(Dataset excerpts)
■ ■ ■ ■ ■

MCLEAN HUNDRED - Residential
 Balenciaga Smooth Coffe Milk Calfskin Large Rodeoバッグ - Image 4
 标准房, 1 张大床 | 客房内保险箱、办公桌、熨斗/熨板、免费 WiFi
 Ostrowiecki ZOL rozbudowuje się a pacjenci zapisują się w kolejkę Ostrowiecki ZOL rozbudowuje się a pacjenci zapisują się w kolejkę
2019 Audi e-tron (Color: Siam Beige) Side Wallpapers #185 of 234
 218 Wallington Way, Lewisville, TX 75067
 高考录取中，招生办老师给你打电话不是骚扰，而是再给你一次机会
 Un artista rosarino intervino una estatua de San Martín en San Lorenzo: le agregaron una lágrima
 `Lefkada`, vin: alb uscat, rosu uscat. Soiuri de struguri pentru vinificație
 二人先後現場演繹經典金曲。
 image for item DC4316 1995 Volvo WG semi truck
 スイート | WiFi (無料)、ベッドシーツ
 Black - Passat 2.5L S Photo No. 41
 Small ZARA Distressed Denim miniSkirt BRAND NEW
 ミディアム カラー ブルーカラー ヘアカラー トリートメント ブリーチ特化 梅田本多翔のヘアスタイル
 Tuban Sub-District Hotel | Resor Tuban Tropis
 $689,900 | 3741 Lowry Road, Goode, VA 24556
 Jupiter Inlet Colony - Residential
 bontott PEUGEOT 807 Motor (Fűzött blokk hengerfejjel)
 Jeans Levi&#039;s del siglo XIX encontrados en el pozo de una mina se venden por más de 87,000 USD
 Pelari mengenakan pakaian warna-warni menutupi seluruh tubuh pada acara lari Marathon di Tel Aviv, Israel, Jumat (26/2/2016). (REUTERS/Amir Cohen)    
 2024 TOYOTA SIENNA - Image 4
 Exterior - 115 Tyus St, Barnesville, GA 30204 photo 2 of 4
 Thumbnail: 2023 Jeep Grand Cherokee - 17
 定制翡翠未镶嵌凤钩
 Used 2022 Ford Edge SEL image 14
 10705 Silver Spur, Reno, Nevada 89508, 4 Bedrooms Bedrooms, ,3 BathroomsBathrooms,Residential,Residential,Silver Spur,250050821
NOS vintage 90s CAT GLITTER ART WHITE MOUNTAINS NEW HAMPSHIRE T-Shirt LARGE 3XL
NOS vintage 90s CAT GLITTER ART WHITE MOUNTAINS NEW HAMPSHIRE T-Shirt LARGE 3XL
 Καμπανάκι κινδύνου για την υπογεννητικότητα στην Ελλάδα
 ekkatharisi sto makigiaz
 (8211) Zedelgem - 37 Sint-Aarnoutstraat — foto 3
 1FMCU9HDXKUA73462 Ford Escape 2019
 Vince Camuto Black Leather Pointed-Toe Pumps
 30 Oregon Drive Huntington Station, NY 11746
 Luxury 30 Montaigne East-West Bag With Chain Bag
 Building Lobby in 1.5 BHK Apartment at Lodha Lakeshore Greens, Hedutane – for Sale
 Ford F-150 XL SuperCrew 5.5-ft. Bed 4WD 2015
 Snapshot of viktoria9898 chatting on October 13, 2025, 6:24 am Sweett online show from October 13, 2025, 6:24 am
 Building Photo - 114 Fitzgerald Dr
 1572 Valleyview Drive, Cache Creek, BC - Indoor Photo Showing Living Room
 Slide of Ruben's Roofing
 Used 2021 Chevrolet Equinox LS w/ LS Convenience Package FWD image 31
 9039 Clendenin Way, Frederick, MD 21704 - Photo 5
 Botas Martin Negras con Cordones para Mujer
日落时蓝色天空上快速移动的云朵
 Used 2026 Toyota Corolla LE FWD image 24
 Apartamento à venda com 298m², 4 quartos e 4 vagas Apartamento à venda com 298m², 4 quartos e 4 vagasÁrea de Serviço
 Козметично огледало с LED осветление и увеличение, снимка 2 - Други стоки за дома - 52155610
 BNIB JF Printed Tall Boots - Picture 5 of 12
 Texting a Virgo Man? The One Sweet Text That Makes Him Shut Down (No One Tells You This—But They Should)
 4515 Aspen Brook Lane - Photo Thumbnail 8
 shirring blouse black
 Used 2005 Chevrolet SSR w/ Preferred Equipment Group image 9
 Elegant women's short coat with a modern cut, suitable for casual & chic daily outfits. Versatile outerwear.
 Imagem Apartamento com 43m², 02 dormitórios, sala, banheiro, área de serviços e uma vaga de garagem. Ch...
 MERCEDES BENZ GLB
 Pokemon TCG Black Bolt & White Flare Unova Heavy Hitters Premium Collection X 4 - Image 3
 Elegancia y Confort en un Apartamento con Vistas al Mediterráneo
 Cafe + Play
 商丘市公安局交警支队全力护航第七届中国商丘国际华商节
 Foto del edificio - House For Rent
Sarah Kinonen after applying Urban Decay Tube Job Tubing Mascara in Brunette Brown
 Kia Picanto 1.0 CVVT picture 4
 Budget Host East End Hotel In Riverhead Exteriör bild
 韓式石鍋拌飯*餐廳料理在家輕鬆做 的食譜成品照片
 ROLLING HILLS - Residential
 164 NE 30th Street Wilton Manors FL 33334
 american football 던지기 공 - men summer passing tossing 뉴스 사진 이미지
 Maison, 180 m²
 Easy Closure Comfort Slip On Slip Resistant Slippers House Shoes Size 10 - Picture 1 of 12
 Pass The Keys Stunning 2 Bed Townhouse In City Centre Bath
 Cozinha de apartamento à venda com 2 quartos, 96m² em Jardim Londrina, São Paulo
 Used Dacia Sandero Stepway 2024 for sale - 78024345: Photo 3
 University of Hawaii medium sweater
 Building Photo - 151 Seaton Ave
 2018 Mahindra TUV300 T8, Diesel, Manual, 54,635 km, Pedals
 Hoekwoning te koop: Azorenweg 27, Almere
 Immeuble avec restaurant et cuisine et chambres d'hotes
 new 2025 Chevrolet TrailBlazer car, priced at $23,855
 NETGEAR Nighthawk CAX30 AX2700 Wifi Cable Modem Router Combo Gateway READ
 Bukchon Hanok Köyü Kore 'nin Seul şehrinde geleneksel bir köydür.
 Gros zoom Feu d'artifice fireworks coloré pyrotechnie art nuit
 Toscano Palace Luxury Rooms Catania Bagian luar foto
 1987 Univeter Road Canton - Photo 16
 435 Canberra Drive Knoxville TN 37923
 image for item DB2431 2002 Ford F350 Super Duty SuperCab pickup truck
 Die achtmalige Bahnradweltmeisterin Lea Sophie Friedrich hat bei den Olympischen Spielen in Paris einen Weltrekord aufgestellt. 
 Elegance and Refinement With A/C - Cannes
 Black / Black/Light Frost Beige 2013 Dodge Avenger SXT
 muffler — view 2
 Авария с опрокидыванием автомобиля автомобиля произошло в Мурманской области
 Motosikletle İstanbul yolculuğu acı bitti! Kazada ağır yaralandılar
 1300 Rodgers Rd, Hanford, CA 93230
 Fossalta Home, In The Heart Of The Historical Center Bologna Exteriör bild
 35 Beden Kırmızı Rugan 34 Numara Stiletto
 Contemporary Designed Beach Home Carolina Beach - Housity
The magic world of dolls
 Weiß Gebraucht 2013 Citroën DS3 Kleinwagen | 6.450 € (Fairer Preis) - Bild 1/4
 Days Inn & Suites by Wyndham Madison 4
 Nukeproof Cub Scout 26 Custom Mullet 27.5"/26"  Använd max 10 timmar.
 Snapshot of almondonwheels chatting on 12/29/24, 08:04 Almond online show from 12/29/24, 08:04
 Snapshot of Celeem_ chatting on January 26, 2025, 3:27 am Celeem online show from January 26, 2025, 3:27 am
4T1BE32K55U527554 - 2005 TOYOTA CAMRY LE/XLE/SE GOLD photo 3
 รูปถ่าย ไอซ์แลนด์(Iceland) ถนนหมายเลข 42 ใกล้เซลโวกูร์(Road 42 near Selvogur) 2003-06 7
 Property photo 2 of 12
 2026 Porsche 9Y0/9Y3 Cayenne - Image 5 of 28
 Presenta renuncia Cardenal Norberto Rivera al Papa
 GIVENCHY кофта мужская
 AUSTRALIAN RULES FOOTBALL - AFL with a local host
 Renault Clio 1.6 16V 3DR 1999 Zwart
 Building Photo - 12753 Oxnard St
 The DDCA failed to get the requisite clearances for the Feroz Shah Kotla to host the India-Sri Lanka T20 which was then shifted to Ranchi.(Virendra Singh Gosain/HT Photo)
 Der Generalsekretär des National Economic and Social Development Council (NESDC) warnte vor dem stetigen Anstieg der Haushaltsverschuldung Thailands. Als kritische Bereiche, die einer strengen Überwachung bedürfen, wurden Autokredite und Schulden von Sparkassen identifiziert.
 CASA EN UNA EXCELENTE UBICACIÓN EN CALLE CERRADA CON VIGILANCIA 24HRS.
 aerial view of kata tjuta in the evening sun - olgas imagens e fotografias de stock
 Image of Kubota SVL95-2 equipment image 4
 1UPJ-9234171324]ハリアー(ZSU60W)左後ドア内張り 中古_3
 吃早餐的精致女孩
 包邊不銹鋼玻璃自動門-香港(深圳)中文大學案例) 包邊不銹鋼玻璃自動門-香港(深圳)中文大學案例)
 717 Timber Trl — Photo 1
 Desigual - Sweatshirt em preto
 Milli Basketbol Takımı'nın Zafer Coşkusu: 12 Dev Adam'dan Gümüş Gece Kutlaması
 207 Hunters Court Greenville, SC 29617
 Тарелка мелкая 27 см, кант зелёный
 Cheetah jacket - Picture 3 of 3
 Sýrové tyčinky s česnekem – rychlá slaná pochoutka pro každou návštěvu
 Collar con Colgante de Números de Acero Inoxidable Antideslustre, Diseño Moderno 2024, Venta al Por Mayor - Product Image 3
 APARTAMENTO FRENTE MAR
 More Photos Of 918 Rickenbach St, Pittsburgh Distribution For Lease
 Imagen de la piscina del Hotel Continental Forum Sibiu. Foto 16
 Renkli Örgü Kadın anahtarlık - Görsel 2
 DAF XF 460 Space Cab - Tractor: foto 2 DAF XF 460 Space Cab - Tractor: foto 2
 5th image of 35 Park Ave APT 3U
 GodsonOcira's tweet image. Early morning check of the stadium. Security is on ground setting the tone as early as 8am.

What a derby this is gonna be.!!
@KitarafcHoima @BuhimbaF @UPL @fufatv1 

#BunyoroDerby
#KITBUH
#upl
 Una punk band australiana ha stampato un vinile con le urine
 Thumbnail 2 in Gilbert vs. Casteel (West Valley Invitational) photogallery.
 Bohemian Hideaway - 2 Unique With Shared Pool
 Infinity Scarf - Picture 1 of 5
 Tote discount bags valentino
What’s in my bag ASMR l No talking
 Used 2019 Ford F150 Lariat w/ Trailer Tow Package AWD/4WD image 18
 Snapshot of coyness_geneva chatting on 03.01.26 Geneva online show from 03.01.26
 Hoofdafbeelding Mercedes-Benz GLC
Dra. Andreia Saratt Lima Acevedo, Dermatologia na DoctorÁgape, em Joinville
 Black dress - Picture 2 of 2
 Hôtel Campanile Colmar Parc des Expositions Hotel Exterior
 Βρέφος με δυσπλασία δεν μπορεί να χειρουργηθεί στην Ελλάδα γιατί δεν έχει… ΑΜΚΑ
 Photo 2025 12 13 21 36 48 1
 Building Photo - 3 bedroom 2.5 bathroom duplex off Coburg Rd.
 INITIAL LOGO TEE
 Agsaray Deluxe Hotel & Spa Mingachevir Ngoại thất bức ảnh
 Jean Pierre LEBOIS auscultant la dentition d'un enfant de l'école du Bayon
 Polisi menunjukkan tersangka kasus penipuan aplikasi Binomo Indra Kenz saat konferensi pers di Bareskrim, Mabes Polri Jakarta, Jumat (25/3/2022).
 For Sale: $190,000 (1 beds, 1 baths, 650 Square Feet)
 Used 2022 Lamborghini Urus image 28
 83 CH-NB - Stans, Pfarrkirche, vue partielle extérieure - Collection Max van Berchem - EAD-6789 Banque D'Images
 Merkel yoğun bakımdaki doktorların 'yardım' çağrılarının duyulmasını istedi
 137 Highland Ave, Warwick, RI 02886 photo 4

■ ■ ■ ■ ■

YOUR INSTRUCTIONS: Looking at the data above, return every line from the one with "image for item DC4316" down to the one with "Jeans Levi&#039;s del", exactly and inclusively.

ANSWER SECTION:
 image for item DC4316 1995 Volvo WG semi truck
 スイート | WiFi (無料)、ベッドシーツ
 Black - Passat 2.5L S Photo No. 41
 Small ZARA Distressed Denim miniSkirt BRAND NEW
 ミディアム カラー ブルーカラー ヘアカラー トリートメント ブリーチ特化 梅田本多翔のヘアスタイル
 Tuban Sub-District Hotel | Resor Tuban Tropis
 $689,900 | 3741 Lowry Road, Goode, VA 24556
 Jupiter Inlet Colony - Residential
 bontott PEUGEOT 807 Motor (Fűzött blokk hengerfejjel)
 Jeans Levi&#039;s del siglo XIX encontrados en el pozo de una mina se venden por más de 87,000 USD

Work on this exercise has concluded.